Thyroid hormones regulate fibroblast growth factor receptor signaling during chondrogenesis.

Childhood hypothyroidism causes growth arrest with delayed ossification and growth-plate dysgenesis, whereas thyrotoxicosis accelerates ossification and growth. Thyroid hormone (T(3)) regulates chondrocyte proliferation and is essential for hypertrophic differentiation. Fibroblast growth factors (FGFs) are also important regulators of chondrocyte proliferation and differentiation, and activating mutations of FGF receptor-3 (FGFR3) cause achondroplasia. We investigated the hypothesis that T(3) regulates chondrogenesis via FGFR3 in ATDC5 cells, which undergo a defined program of chondrogenesis.
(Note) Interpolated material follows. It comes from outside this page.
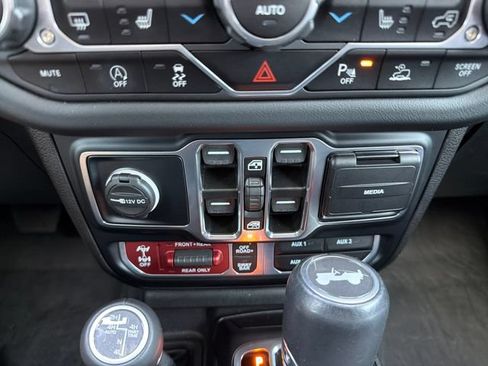 Used 2024 Jeep Wrangler Unlimited Rubicon AWD/4WD image 15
ATDC5 cells expressed two FGFR1, four FGFR2, and one FGFR3 mRNA splice variants throughout chondrogenesis, and expression of each isoform was stimulated by T(3) during the first 6-12 d of culture, when T(3) inhibited proliferation by 50%. FGFR3 expression was also increased in cells treated with T(3) for 21 d, when T(3) induced an earlier onset of hypertrophic differentiation and collagen X expression. FGFR3 expression was reduced in growth plates from T(3) receptor alpha-null mice, which exhibit skeletal hypothyroidism, but was increased in T(3) receptor beta(PV/PV) mice, which display skeletal thyrotoxicosis. These findings indicate that FGFR3 is a T(3)-target gene in chondrocytes. In further experiments, T(3) enhanced FGF2 and FGF18 activation of the MAPK-signaling pathway but inhibited their activation of signal transducer and activator of transcription-1. FGF9 did not activate MAPK or signal transducer and activator of transcription-1 pathways in the absence or presence of T(3). Thus, T(3) exerted differing effects on FGFR activation during chondrogenesis depending on which FGF ligand stimulated the FGFR and which downstream signaling pathway was activated. These studies identify novel interactions between T(3) and FGFs that regulate chondrocyte proliferation and differentiation during chondrogenesis.